Required action: Go through the following data and transcribe exactly the stretch of lines from the one holding "Casa independiente en" to the one holding "Passing Book Binding", both included.

***** Input data *****

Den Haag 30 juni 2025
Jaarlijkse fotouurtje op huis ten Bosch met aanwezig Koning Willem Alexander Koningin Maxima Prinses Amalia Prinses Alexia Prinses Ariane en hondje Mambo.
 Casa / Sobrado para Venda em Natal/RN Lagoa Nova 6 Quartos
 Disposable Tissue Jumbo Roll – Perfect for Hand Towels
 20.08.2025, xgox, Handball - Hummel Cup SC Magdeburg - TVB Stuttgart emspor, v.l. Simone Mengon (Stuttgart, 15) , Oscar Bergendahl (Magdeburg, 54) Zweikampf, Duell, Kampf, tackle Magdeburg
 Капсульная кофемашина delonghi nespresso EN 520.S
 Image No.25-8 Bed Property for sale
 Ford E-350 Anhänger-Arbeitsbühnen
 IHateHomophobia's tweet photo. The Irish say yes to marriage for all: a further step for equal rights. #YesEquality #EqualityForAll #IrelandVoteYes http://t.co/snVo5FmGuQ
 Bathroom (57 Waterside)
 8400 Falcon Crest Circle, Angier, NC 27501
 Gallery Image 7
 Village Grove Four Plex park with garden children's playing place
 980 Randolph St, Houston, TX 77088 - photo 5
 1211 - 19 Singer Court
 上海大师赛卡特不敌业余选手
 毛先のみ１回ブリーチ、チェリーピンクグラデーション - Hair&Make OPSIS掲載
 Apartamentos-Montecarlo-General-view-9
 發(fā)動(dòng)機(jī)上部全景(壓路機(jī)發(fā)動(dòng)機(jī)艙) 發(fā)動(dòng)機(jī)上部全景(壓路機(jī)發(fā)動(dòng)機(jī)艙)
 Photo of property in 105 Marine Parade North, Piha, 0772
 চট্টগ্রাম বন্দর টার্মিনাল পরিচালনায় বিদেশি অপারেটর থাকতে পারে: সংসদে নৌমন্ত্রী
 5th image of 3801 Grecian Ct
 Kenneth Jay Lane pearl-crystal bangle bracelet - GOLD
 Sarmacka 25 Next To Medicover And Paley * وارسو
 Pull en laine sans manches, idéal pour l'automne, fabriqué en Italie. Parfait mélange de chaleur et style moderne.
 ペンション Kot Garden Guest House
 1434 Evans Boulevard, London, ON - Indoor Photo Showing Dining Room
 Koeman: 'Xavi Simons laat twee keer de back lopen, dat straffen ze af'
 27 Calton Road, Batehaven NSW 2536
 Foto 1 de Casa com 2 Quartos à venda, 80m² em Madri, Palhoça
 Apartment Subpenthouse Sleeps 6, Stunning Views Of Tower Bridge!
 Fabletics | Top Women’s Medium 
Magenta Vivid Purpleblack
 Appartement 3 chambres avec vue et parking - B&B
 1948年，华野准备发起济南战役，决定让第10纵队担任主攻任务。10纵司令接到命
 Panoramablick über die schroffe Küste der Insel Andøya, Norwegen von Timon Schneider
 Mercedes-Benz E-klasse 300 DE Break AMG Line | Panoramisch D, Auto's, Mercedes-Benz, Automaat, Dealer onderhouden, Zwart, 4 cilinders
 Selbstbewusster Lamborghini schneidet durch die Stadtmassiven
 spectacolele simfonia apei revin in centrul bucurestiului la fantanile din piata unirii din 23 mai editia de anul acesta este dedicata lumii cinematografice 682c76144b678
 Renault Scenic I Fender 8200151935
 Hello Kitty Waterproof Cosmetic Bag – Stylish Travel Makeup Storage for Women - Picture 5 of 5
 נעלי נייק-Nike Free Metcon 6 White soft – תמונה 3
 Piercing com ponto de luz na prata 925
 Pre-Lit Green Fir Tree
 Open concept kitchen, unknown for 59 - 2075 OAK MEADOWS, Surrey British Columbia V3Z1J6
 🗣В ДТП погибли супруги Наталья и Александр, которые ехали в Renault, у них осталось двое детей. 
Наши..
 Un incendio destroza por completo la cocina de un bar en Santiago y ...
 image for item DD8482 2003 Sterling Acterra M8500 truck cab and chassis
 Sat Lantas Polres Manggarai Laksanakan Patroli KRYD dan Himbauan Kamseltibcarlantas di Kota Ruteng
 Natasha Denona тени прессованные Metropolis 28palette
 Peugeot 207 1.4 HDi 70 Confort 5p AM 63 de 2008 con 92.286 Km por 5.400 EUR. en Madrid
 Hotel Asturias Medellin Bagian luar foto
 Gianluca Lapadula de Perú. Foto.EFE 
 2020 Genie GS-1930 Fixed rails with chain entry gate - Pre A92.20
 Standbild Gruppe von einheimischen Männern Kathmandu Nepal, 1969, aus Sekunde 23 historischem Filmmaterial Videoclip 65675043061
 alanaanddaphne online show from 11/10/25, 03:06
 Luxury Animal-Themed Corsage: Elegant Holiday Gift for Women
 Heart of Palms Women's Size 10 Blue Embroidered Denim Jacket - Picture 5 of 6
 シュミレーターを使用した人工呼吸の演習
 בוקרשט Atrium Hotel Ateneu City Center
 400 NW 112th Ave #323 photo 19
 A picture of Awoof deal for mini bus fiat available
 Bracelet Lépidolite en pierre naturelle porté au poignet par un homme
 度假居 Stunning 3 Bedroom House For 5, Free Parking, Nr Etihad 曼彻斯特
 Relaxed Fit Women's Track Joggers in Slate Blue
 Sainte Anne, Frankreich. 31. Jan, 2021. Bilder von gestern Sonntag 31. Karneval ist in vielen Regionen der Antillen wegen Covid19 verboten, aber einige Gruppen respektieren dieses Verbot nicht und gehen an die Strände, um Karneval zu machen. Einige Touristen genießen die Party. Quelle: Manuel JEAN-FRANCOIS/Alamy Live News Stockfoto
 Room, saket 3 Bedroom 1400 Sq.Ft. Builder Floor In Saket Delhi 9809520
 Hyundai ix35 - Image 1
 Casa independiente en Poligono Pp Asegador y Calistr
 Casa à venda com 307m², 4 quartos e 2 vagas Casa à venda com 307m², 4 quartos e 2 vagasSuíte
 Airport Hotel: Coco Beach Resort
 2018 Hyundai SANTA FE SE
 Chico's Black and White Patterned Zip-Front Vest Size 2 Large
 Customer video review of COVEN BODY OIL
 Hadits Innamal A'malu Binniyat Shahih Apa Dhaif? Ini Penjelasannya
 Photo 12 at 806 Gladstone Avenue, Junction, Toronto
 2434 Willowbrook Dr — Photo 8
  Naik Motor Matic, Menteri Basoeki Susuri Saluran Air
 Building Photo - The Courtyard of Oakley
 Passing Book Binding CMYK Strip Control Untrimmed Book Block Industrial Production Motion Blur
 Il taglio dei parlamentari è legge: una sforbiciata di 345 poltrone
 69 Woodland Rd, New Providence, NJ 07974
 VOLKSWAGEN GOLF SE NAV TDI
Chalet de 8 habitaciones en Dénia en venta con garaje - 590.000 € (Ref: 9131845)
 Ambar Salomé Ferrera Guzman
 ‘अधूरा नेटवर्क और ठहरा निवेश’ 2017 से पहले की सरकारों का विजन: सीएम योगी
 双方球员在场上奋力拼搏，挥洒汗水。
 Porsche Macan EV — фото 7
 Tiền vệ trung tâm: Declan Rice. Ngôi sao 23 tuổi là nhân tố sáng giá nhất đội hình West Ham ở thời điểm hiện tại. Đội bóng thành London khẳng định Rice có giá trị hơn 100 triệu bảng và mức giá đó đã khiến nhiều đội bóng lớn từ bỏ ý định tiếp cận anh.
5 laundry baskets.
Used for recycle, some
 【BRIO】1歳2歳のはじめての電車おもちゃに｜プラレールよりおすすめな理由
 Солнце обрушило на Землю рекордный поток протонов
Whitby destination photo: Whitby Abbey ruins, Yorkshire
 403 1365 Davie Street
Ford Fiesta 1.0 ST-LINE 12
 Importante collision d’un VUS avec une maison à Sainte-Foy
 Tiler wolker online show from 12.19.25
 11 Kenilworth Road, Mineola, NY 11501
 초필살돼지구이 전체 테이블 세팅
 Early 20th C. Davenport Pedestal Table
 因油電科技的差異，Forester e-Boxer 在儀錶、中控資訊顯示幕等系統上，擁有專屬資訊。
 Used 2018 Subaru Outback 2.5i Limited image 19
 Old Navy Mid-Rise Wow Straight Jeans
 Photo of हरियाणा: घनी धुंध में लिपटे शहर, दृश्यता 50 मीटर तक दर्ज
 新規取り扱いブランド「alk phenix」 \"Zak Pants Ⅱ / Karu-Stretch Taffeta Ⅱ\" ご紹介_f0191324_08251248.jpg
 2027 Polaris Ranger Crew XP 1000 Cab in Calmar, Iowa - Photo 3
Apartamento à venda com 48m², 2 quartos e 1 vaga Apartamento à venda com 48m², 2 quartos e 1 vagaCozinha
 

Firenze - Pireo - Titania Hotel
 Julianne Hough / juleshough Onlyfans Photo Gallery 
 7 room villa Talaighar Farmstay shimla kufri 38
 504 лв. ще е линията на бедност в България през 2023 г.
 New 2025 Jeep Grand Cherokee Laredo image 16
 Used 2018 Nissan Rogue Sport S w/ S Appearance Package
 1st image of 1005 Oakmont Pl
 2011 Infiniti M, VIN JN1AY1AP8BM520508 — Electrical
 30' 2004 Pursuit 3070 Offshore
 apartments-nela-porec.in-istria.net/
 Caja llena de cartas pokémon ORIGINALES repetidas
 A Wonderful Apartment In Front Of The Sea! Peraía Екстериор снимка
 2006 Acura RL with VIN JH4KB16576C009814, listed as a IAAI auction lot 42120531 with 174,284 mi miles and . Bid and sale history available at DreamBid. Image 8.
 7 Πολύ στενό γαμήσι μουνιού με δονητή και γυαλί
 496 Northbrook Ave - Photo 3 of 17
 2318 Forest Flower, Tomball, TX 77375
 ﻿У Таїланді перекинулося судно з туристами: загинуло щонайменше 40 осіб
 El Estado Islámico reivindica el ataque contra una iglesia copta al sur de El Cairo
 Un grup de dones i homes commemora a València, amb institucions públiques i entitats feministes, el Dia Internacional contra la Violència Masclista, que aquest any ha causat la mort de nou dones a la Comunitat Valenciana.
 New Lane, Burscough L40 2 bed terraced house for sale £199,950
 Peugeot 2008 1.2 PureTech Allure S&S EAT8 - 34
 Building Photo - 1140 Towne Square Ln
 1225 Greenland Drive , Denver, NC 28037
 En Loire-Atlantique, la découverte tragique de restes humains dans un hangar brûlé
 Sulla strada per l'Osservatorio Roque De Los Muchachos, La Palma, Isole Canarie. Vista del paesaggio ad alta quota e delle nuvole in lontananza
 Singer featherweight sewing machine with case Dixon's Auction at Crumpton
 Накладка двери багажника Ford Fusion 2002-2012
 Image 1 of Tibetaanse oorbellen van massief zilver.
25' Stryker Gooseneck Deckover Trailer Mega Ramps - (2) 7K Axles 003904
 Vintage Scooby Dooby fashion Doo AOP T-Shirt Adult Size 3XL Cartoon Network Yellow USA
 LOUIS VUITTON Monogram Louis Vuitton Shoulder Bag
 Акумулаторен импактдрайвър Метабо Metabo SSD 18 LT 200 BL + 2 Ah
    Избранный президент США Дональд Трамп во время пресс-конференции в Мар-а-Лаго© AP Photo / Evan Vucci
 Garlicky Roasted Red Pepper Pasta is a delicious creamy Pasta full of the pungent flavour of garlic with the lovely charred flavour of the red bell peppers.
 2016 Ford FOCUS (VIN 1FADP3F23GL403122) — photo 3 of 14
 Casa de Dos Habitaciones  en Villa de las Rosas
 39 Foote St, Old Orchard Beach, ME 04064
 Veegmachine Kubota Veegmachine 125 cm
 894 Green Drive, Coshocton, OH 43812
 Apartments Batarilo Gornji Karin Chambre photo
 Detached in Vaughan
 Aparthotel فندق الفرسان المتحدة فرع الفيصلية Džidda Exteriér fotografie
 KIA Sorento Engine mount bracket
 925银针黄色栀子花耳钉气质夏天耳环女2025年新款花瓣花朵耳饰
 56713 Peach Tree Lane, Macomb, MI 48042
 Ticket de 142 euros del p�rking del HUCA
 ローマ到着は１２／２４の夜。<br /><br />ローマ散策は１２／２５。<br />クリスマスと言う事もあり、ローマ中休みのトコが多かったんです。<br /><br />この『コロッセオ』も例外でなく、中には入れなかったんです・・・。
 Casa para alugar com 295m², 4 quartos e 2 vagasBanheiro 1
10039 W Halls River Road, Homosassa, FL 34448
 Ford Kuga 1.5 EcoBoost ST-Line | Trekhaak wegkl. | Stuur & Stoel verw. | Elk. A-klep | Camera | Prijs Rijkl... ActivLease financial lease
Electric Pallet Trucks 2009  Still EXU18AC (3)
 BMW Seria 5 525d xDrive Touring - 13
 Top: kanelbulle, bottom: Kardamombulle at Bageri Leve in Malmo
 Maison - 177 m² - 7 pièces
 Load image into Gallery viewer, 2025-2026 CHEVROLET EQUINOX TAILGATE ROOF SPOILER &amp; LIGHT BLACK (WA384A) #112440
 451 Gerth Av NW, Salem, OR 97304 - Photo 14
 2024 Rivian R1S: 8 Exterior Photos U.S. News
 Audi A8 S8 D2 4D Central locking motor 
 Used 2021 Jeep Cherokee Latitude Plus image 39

*****

Your solution:
 Casa independiente en Poligono Pp Asegador y Calistr
 Casa à venda com 307m², 4 quartos e 2 vagas Casa à venda com 307m², 4 quartos e 2 vagasSuíte
 Airport Hotel: Coco Beach Resort
 2018 Hyundai SANTA FE SE
 Chico's Black and White Patterned Zip-Front Vest Size 2 Large
 Customer video review of COVEN BODY OIL
 Hadits Innamal A'malu Binniyat Shahih Apa Dhaif? Ini Penjelasannya
 Photo 12 at 806 Gladstone Avenue, Junction, Toronto
 2434 Willowbrook Dr — Photo 8
  Naik Motor Matic, Menteri Basoeki Susuri Saluran Air
 Building Photo - The Courtyard of Oakley
 Passing Book Binding CMYK Strip Control Untrimmed Book Block Industrial Production Motion Blur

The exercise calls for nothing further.